WHAT NEEDS TO BE DONE:
Nothing beyond the line containing "2024 Leaf Metal" should be printed; print each line exactly from the first line of the listing below through it.

MATERIAL FOR THIS EXERCISE:
□ □ □ □ □
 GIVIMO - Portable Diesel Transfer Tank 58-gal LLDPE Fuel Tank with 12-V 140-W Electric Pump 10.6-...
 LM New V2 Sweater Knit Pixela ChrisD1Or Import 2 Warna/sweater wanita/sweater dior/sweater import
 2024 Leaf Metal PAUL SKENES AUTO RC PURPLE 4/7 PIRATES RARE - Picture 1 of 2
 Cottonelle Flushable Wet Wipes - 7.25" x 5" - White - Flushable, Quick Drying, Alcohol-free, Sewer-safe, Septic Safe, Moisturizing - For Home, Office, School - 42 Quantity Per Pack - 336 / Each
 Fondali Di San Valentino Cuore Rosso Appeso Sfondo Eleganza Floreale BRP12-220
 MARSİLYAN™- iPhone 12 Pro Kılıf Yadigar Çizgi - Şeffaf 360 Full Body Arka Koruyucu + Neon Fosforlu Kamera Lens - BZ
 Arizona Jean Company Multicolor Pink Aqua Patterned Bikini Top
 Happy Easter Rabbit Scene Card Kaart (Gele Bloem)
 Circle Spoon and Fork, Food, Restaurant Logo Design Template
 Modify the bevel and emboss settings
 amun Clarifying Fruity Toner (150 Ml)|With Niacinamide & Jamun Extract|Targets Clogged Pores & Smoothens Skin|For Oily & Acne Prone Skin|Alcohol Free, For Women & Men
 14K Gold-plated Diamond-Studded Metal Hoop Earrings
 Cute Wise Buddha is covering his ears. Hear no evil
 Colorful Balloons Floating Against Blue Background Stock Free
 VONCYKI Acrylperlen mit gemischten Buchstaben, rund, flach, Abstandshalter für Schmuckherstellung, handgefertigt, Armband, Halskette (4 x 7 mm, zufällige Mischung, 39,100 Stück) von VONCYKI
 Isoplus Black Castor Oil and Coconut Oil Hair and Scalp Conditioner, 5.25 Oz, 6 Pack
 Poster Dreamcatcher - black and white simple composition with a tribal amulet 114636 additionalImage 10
□ □ □ □ □
TASK RESPONSE:
 GIVIMO - Portable Diesel Transfer Tank 58-gal LLDPE Fuel Tank with 12-V 140-W Electric Pump 10.6-...
 LM New V2 Sweater Knit Pixela ChrisD1Or Import 2 Warna/sweater wanita/sweater dior/sweater import
 2024 Leaf Metal PAUL SKENES AUTO RC PURPLE 4/7 PIRATES RARE - Picture 1 of 2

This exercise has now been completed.